Crystalize is an open-source Embedding & Clustering 3D visualization tool. It provides a GUI that makes it easy to parse and clean up jsonlines formatted logs for visual exploration, allowing users to see the effectiveness of embeddings and clustering.
Demonstration.mp4
-
Import and process jsonlines formatted logs
-
Support for both single file and folder import
-
Selective field choosing for embedding and clustering
-
Pre-processing of data
-
Customizable embedding models (default: AllMiniLM-v2)
-
Automatic embedding generation
-
Interactive 3D visualization
-
Rotation and zoom functionality
-
Cluster highlighting
-
Tree widget for cluster and log exploration
-
Hierarchical view of clusters and their logs
-
Ability to toggle cluster visibility
- Clone the repository:
git clone https://github.com/zerocase/Crystalize.git
cd Crystalize
Create a virtual environment:
python -m venv venv
On Windows use venv\Scripts\activate
source venv/bin/activate
Install requirements:
pip install -r requirements.txt
Run the main.py file:
python main.py
-
Click "Open File" or "Open Folder" to import your jsonlines formatted log file(s).
-
Select relevant fields for embedding and clustering in the "Common Fields" section.
-
Click "Pre-process Data" to prepare the data.
-
Choose an embedding model from the dropdown (default or custom from Hugging Face).
-
Click "Generate Embeddings" to create embeddings and an initial visualization.
-
Click "Perform Clustering" to group logs and enhance the visualization.
-
Explore the data:
-
Use the mouse to rotate and zoom in the 3D visualization.
-
Select clusters or individual logs in the tree widget to highlight them in the 3D view.
-
Toggle cluster visibility using checkboxes in the tree widget.
-
Expand cluster nodes to see individual logs and their details.
-
Only jsonlines format is currently supported for log files.
-
For importing new data, it's recommended to clear the database first using the "Clear Database" button.
-
There is currently no project system, but backing up and switching databases is possible.
-
CUDA-compatible GPUs significantly speed up the embedding process.

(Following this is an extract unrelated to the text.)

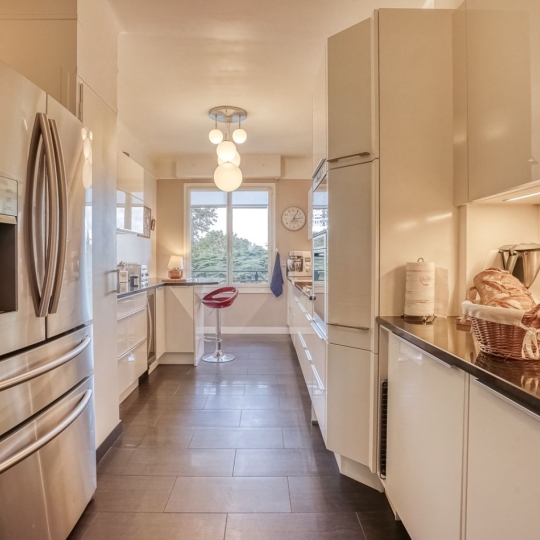  Annonces SURESNES : Appartement | VILLE-D'AVRAY (92410) | 188 m2 | 5 060 &euro; 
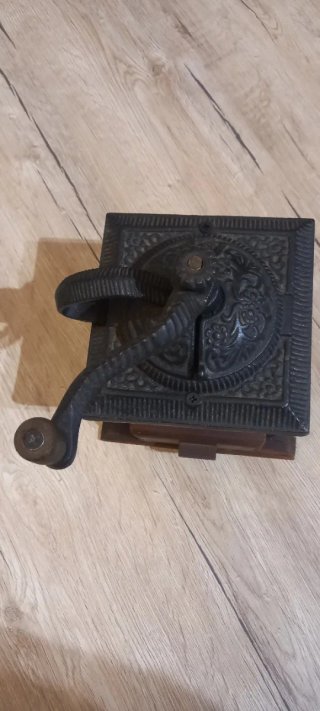Macina Caffè Vintage in Legno e Metallo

Crystalize requires Python 3.12.6 and the following main dependencies:
-
PyQt6
-
NumPy
-
scikit-learn
-
sentence-transformers
-
PyOpenGL
-
torch
For a full list of dependencies, see requirements.txt
.
ClusterLog: Clustering Logs for Effective Log-based Anomaly Detection
This project is open-source and available under the GNU General Public License v2.0.